L’incontro di oggi sul marciapiede è veloce, tutto sorrisi.
Tutti bene? La famiglia?
Quando partite?
Vediamoci prima.
Abbiamo cominciato a conoscerci con qualche merenda e un paio di pranzi domenicali.
Ma la scintilla scatta durante un temporale fuori scuola, poco dopo il loro trasferimento.
Aspettiamo i figli che ritornano dalla gita, l’ombrello non basta contro il diluvio. Ci rifugiamo in macchina per cinque minuti, poi ci mettiamo le figlie che escono puntuali, ma il bus dal parco non è ancora avvistato. Ritarda di un po’ e quando arriva siamo ormai fradice.
Il ritorno è obbligatorio tutti insieme, non posso lasciarli andare a piedi. Abitano dall’altra parte del ponte, venti minuti di cammino a passo spedito, mezz’ora abbondante con tutto ‘sto fiume che cade dal cielo.
Siamo in sette. E che non ci stiamo?
Noi mamme davanti, le figlie e il più grande dietro. I quasi omonimi H&A nel bagagliaio.

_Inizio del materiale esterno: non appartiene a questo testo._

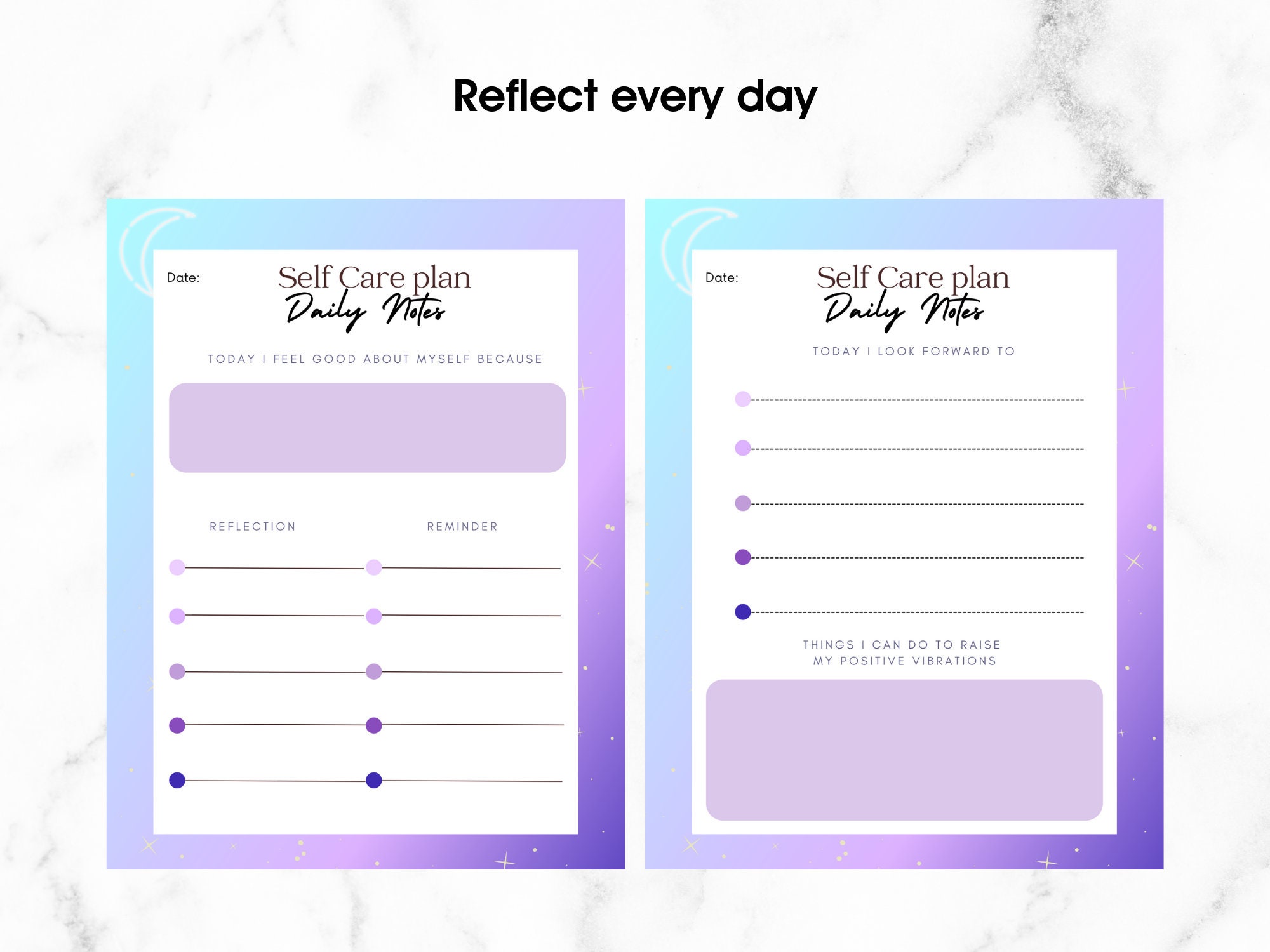 Printable Self Care Journal | Mental Health Planner | Positive ...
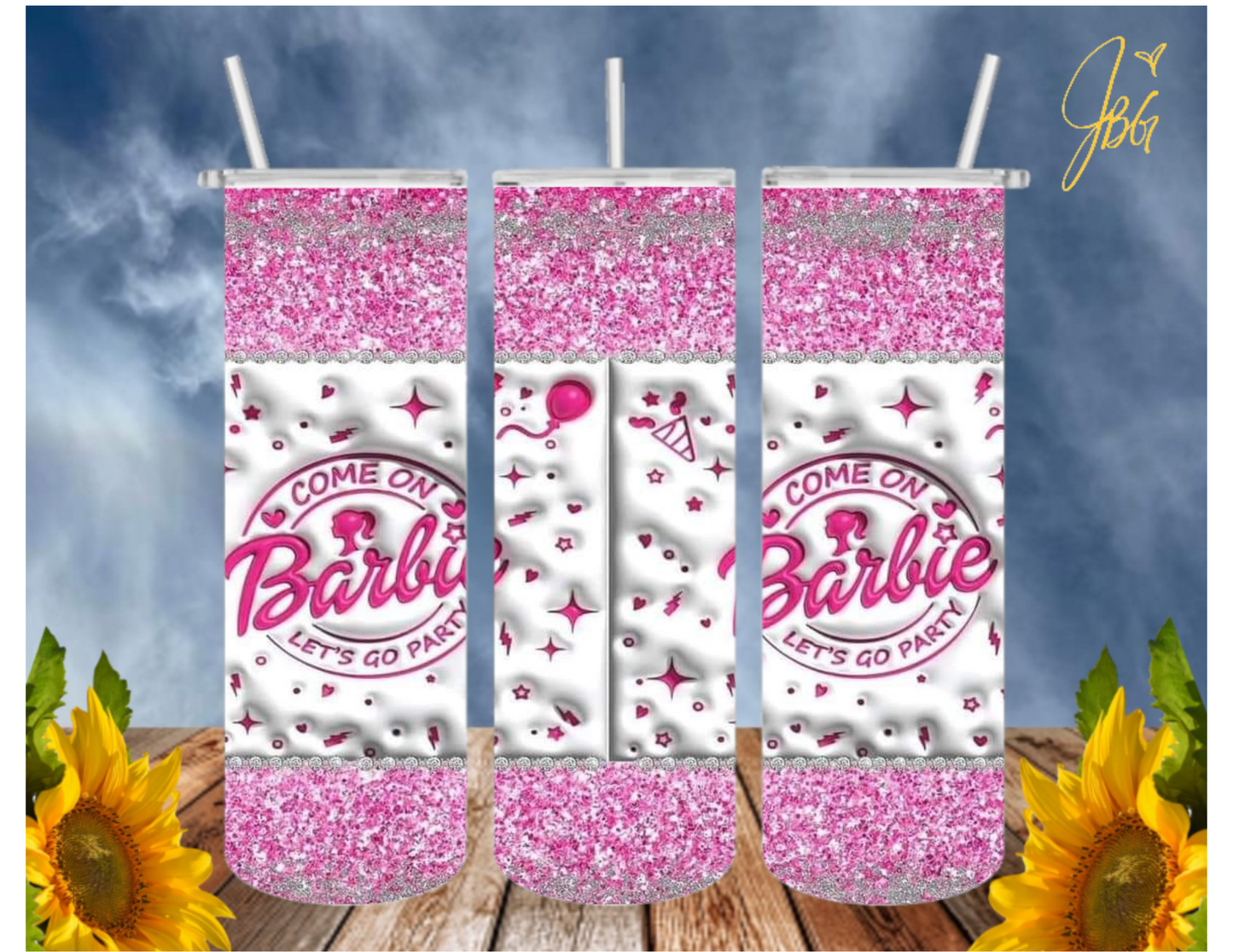 BARBIE/PINK 20 Oz Tumbler with 2 Straws, 1 Lid and Straw Cleaner. FREE SHIPPING. Stainless Steel Sublimation Tumbler Cup.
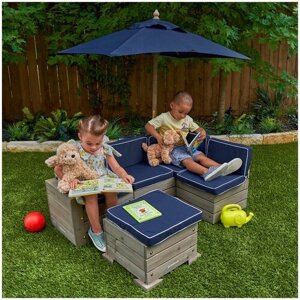 Набор садовой мебели для детей (секционный диван, пуф-стол, зонт), серо-синий 20177_KE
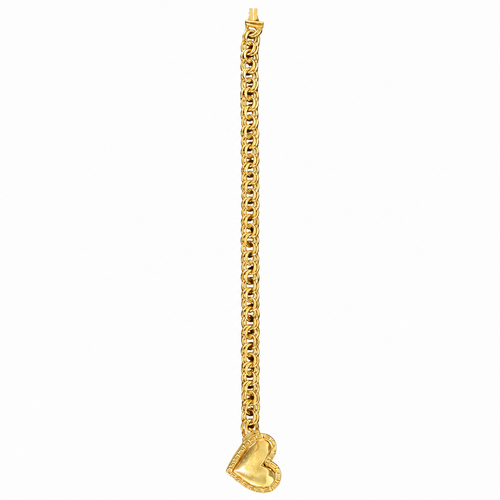 14KT Gold Bracelet Hollow Greek Chino Heart 5mm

Italian style butto là, banale.
Lei non parla, sgocciola e sorride.
Li lasciamo a casa inzuppati e felici. Mentre faccio manovra sono ancora lì davanti alla porta, mi aspetto che aprano in fretta e corrano dentro al riparo. Invece restano a salutarci finché non siamo spariti.
Quattro piccoli folletti d’acqua ci sventolano le mani manco fossimo in partenza per l’America.
In quel giorno di pioggia è salpato un bastimento. Carico di merce preziosa come l’amicizia, la gentilezza e il saper salutare.
Ci siamo messi a bordo insieme e il viaggio procede lento.
Ma sono convinta che con questi cliché andremo lontano.